Maybe to the surprise of many, five years after the first drafts of the human genome sequence became available [1,2], and nearly three years after the announcement of the completion of the sequencing , a complete set of protein coding genes encoded in the human genome does not exist. One reason for the lack of a complete gene set is that an appropriately rigorous standard has been set for the human genome: every gene, exactly correct. And as shown in this paper, only very few of the human genes seem to be missing from the computational predictions, but the exact genomic structure of these genes is estimated to be correct for only 50% of the predicted genes. In other words, only very few protein coding genes appear to have been totally missed today. Nevertheless, getting the entire genomic structure of a protein coding gene right is still a very difficult task, compounded by the large amount of alternative splicing characterizing human genes. Our assessment here tries to quantify the status of these differences in the current human genome annotations and computational prediction programs.
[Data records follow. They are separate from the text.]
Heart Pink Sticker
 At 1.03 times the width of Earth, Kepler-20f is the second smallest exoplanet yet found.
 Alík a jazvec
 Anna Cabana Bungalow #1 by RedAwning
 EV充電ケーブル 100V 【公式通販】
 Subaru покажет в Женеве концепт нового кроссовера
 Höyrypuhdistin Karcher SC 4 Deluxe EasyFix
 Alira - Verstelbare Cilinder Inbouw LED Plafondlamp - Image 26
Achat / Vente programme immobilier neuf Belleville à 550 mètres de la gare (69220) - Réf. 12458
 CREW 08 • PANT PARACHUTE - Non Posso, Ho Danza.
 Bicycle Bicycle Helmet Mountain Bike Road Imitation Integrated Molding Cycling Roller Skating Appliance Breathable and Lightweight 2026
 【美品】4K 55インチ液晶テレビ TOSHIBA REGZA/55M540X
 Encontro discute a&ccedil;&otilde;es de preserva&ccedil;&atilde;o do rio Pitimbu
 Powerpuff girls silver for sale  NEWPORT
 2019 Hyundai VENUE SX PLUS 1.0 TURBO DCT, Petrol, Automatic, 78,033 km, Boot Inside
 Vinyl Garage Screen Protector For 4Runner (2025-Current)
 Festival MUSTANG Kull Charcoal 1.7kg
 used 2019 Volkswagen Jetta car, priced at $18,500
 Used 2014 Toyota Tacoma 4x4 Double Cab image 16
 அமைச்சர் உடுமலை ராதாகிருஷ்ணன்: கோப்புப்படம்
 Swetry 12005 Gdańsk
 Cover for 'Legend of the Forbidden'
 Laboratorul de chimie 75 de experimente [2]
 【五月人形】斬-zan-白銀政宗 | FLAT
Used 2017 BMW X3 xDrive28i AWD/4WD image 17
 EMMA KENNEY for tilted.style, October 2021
To date, accurate automatic annotation of the human genome (and of other genomes with significant cDNA libraries) strongly relies on an elaborate mapping of these known gene sequences onto the genome sequence. This method of genome annotation requires high quality and a nearly complete set of cDNA sequences. Datasets trying to achieve this goal, but are still works in progress, are the RefSeq database  and those currently being produced by the Mammalian Gene Collection (MGC) . As the MGC project - and similar efforts to deepen the coverage of the fraction of the human genome being transcribed - continues, cDNA mapping based gene identification methods are becoming increasingly accurate. While few organisms will have the rich cDNA libraries that are currently being developed for the human genome, the availability of protein sequence data from evolutionarily close relatives has been effectively used in addition to cDNA data for automatic gene prediction across many of the currently sequenced mammals. The most commonly used annotation pipelines are the ENSEMBL pipeline , the UCSC genome browser's  Known Genes (KG II) pipeline, and the Gnomon pipeline at the NCBI . It remains unclear, however, what fraction of the low and specifically expressed transcripts and of alternatively spliced isoforms can be effectively recovered from cDNA libraries. Additionally, orthologous proteins from other species may not align genes that are rapidly evolving. For these reasons, current cDNA and protein-based methods are likely to provide an incomplete picture of the protein coding gene content of the human genome. These methods will be less accurate for genomes with fewer expressed sequences and comparative options.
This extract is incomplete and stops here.